> [EXERCISE AIM]:
Find the line in the entries below that contains "Приборная панель для". Repeat it exactly, and every line after it through the line that contains "Calamares fritos rebozados".

____

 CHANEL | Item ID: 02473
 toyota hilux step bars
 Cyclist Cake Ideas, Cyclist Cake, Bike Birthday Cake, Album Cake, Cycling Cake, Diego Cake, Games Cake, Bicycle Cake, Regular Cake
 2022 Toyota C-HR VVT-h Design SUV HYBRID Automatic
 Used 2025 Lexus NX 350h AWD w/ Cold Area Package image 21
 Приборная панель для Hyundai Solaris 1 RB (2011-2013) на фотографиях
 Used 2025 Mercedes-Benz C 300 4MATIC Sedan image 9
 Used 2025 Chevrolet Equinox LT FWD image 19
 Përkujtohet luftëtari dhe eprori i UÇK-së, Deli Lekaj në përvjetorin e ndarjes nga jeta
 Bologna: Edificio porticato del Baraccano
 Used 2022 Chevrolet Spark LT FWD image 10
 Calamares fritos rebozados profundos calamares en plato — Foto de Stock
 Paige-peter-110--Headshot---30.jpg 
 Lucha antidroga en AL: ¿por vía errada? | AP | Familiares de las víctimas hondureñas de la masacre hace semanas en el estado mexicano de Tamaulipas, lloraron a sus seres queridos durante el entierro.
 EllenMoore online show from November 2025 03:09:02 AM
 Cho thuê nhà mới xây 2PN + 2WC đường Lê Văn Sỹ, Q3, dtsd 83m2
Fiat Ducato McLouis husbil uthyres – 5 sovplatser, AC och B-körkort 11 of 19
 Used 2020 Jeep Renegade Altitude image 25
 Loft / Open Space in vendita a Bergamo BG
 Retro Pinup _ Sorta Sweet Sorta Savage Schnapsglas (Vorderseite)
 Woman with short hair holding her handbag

____

> [WRITTEN REPLY]:
 Приборная панель для Hyundai Solaris 1 RB (2011-2013) на фотографиях
 Used 2025 Mercedes-Benz C 300 4MATIC Sedan image 9
 Used 2025 Chevrolet Equinox LT FWD image 19
 Përkujtohet luftëtari dhe eprori i UÇK-së, Deli Lekaj në përvjetorin e ndarjes nga jeta
 Bologna: Edificio porticato del Baraccano
 Used 2022 Chevrolet Spark LT FWD image 10
 Calamares fritos rebozados profundos calamares en plato — Foto de Stock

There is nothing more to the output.